Her death brought with it a nationwide outcry of grief and anger. “When the news of their deaths reached Nashville,” remembered historian and Fisk graduate John Hope Franklin, “the entire [Fisk] campus plunged into a period of mourning and outrage that the university had lost students and a young administrator to segregationist practices.”  

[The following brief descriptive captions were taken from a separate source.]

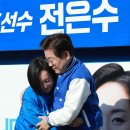 기업은행 울산지점 앞 이미지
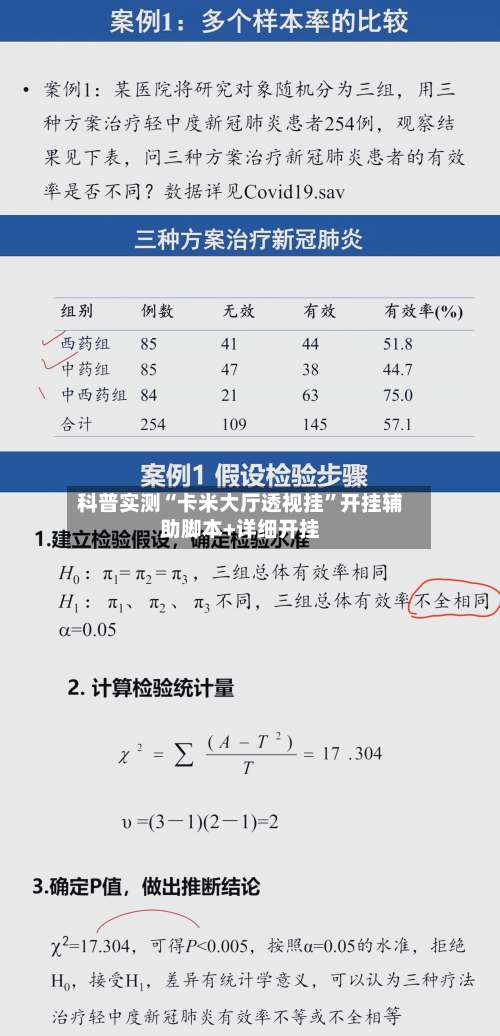 科普实测“卡米大厅透视挂”开挂辅助脚本+详细开挂-第2张图片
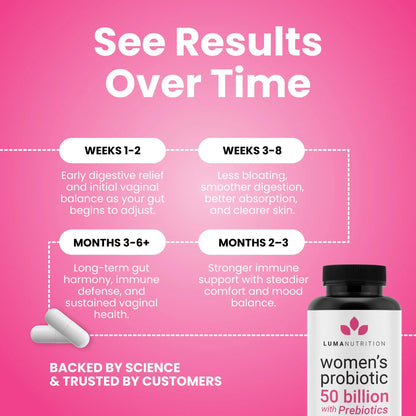 Luma Nutrition Probiotics for Women with Prebiotics - 50 Billion CFU Per Serving - Formulated for Digestive, Immune & Feminine Support Luma Nutrition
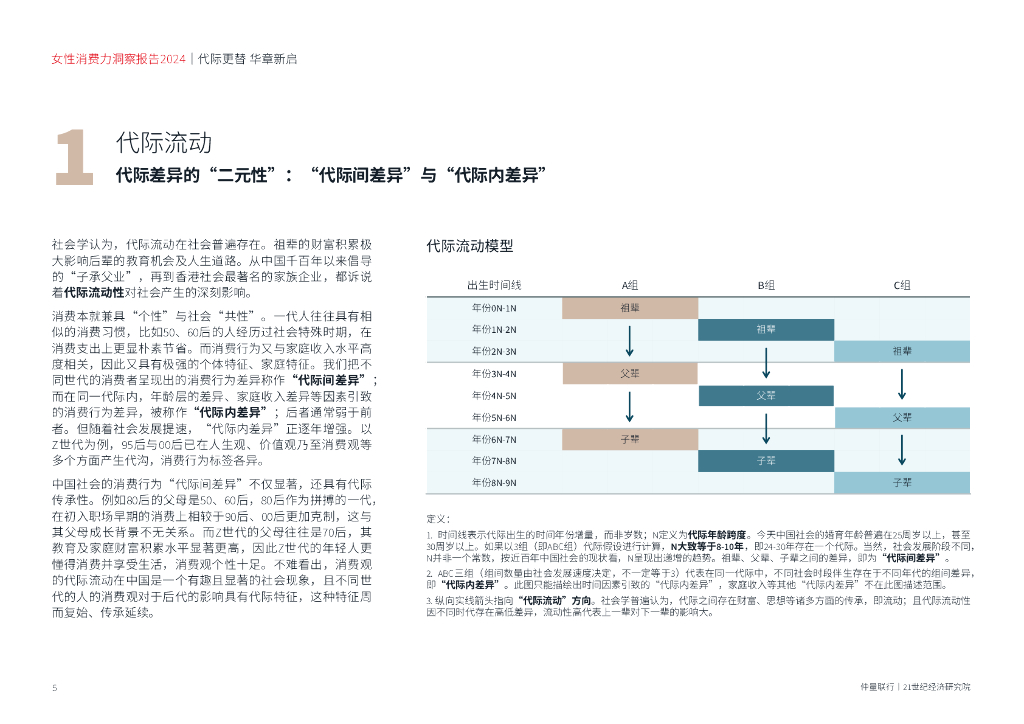 仲量联行&21世纪经济研究院：女性消费力洞察报告2024_第6页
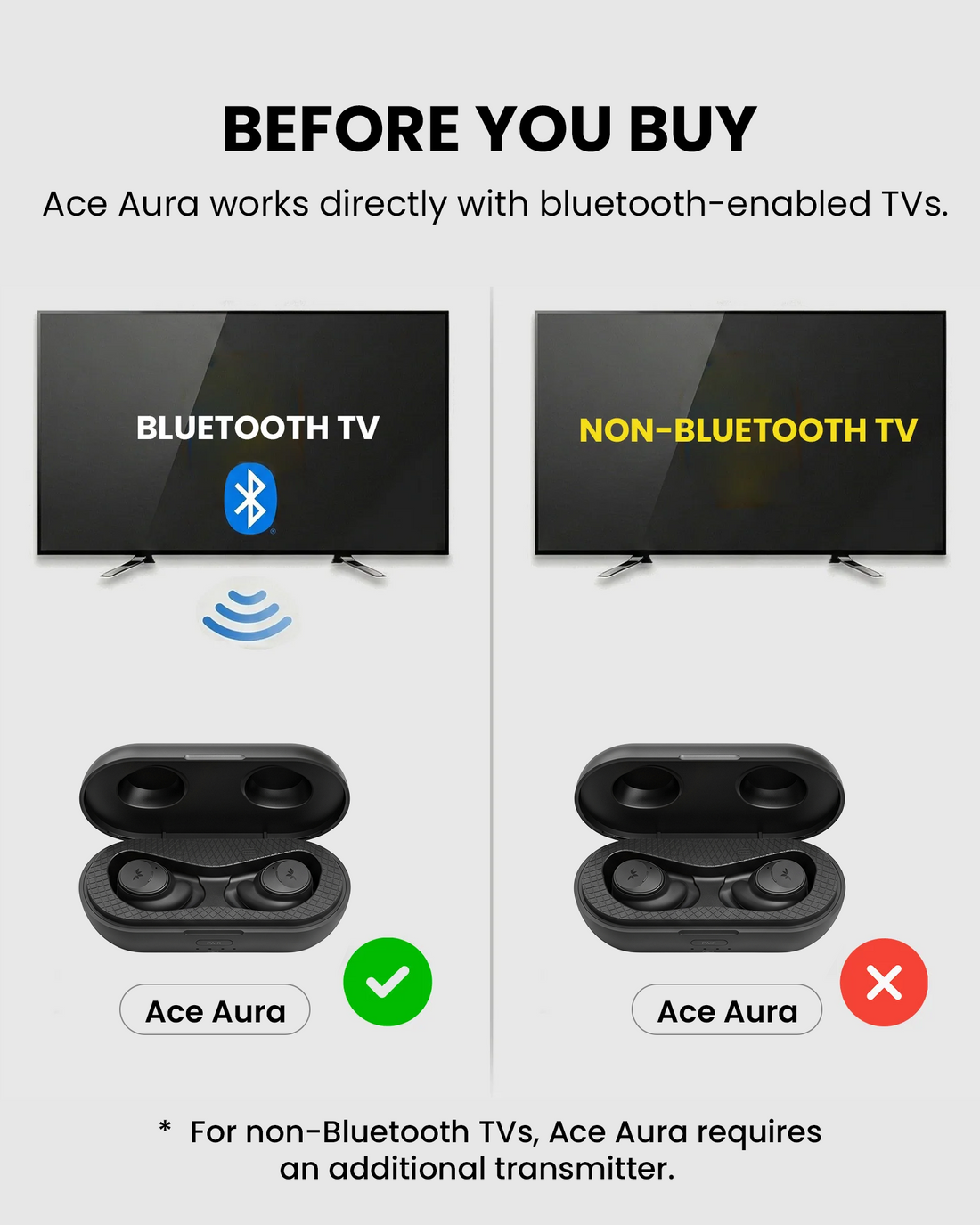 FitLock Aura works with compatible Bluetooth TVs; other TVs require a compatible transmitter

The NAACP, YWCA and the Southern Commission on the Study of Lynchings all demanded investigations into the catastrophe. Franklin said that the “tragedy that befell the dean of women and some Fisk students in Georgia taught all of us what we could expect in the American South.” In a Crisis magazine editorial, Du Bois quoted Ethel Gilbert, a white Fisk staff member and one of Derricotte’s closest friends: “I shall always have to compare in my mind all of the things that were done that would not have been done to me if I were injured. I shall always have to remember that, within one-half hour of the accident, I would have been in a modern hospital.”

Derricotte was 34 when she died. Her funeral service was held on Nov. 9, 1931 at First AME church on North Hull Street. She was buried in Gospel Pilgrim cemetery. Following her death, memorial services were held around the country. A women’s dormitory was built and named after her at Talladega College. Sue Bailey Thurman established a “Juliette Derricotte” scholarship that enabled minority women to travel abroad for study.  

Sadly, no memorial markers exist here in Derricotte’s hometown. Even her gravestone at Gospel Pilgrim has been lost to tree roots and overgrown ravines.  

Howard Thurman, the prominent theologian and close friend of Derricotte, came to Athens to preach the eulogy at her funeral. He challenged the mourners gathered at First AME: “There is work to be done and the ghosts will drive us on. This is an unfinished world; she has left an unfinished task. Who will take it up?”